FreeBSD has MAC implementations ;-)))

Regards,
---
Mr. Olli


On Di, 2009-04-21 at 17:02 +0200, Mel Flynn wrote:
> On Tuesday 21 April 2009 15:13:47 Mister Olli wrote:
> 
> > no does not work, since using SSH / SFTP does not involve starting a
> > shell. so umask settings don't work.
> 
> Then you're using the wrong system for the task. The OS can't make 
> assumptions 
> about "what the ownership/modes of a file should really be, if an application 
> is telling it they should be different".
> This is why more mature FTP daemons allow modes/ownerships to be set on 
> upload.
> 
> The OS already:
> - gives a new file group of the containing directory so it is easy to create 
> "shared files" in a "shared directory"
> - has a default umask that is world readable
> - allows changing a users umask
> 
> The application (sftp) overrides all this and now you're expecting the OS to 
> override that again. Don't think so ;)

___
freebsd-questions@freebsd.org mailing list
http://lists.freebsd.org/mailman/listinfo/freebsd-questions
To unsubscribe, send any mail to "freebsd-questions-unsubscr...@freebsd.org"

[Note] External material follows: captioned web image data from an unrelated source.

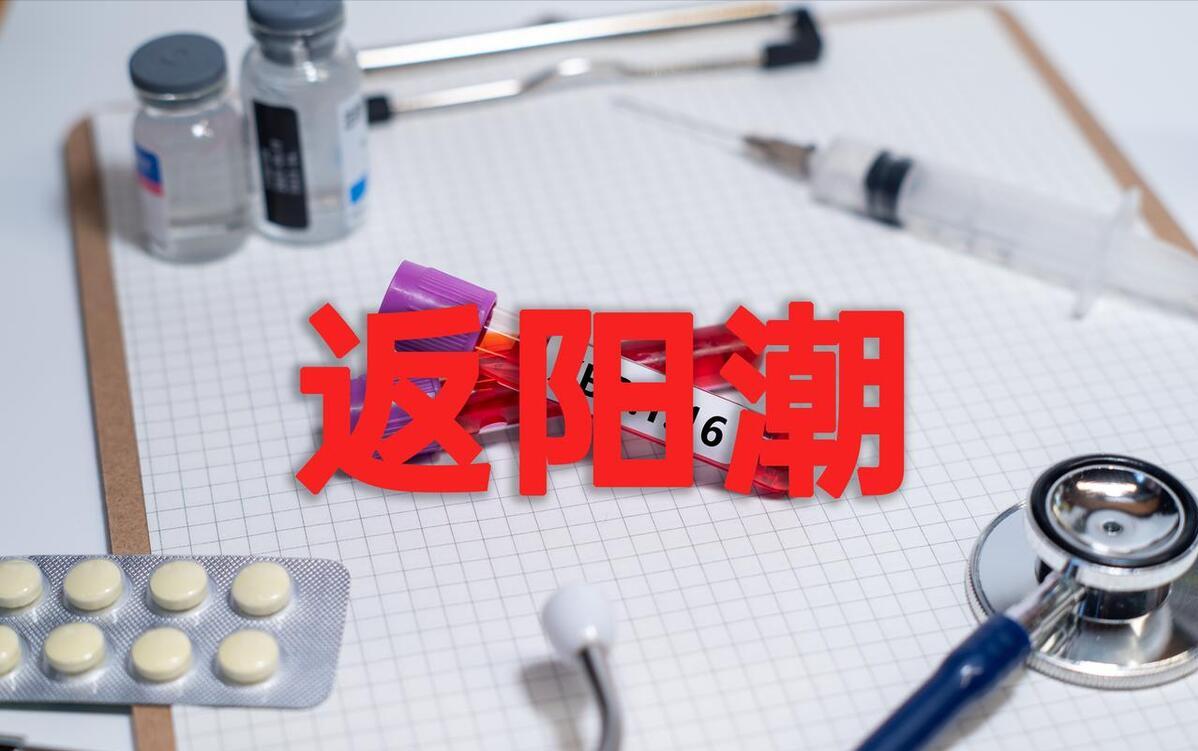 新冠流行渐入下行通道，仍有重症患者住院，感染者注意以下三点
这一波流行从四月底至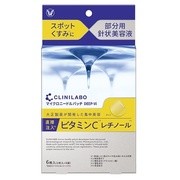 クリニラボ マイクロニードルパッチ ディープ-Vi / CLINILABO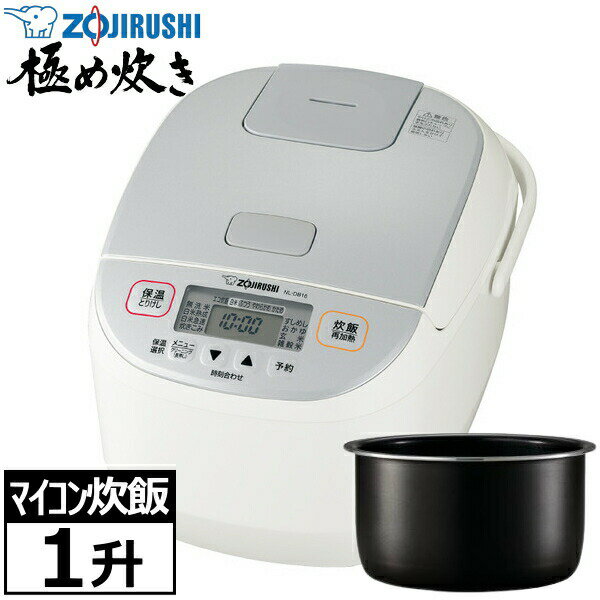 楽天市場】象印 極め炊き nw-jwの通販 楽天市場】象印 極め炊き nw-jwの通販
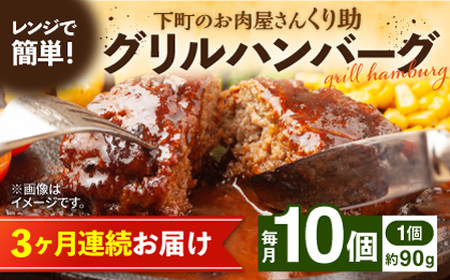 【全3回定期便】レンジで簡単！ グリル ハンバーグ 10個入り [VAJ006] 国産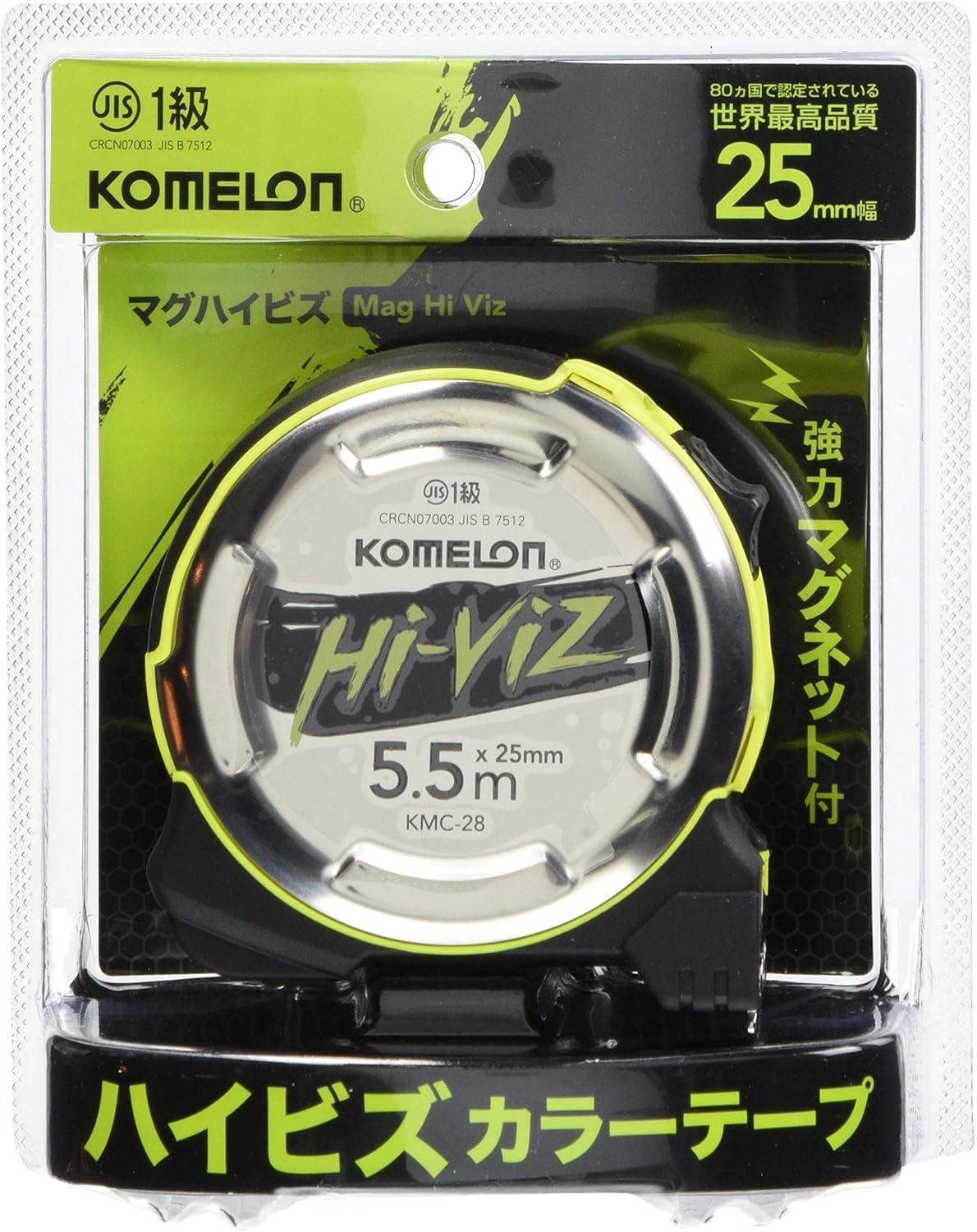 ハイビズコンベックステープ25mm×5.5m KMC-28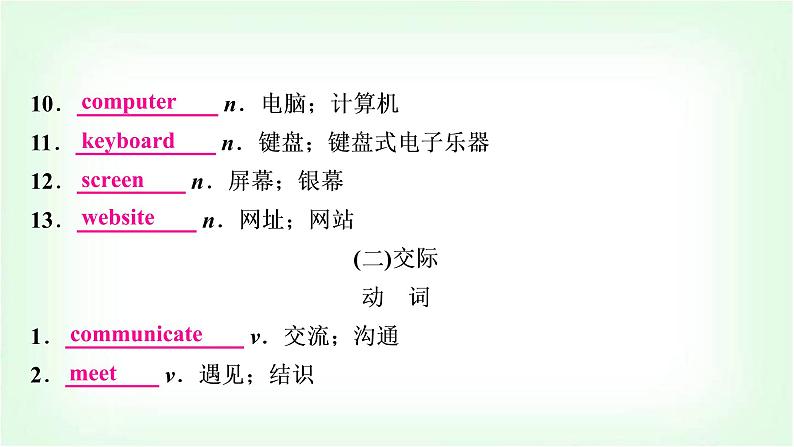 外研版中考英语复习第23天词汇背记课件第2页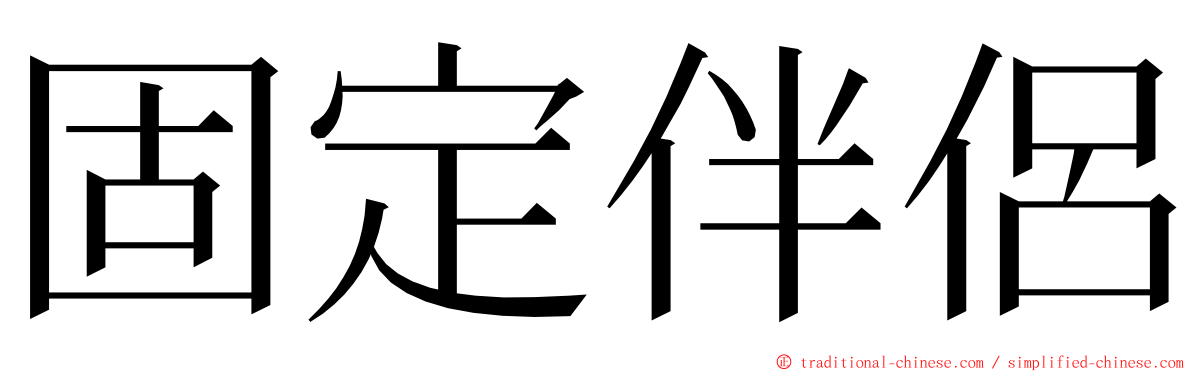 固定伴侶 ming font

Re: Sorting out owner and group permissions...

2009-04-21 Thread Mel Flynn
On Tuesday 21 April 2009 15:13:47 Mister Olli wrote:

> no does not work, since using SSH / SFTP does not involve starting a
> shell. so umask settings don't work.

Then you're using the wrong system for the task. The OS can't make assumptions 
about "what the ownership/modes of a file should really be, if an application 
is telling it they should be different".
This is why more mature FTP daemons allow modes/ownerships to be set on 
upload.

The OS already:
- gives a new file group of the containing directory so it is easy to create 
"shared files" in a "shared directory"
- has a default umask that is world readable
- allows changing a users umask

The application (sftp) overrides all this and now you're expecting the OS to 
override that again. Don't think so ;)
-- 
Mel
___
freebsd-questions@freebsd.org mailing list
http://lists.freebsd.org/mailman/listinfo/freebsd-questions
To unsubscribe, send any mail to "freebsd-questions-unsubscr...@freebsd.org"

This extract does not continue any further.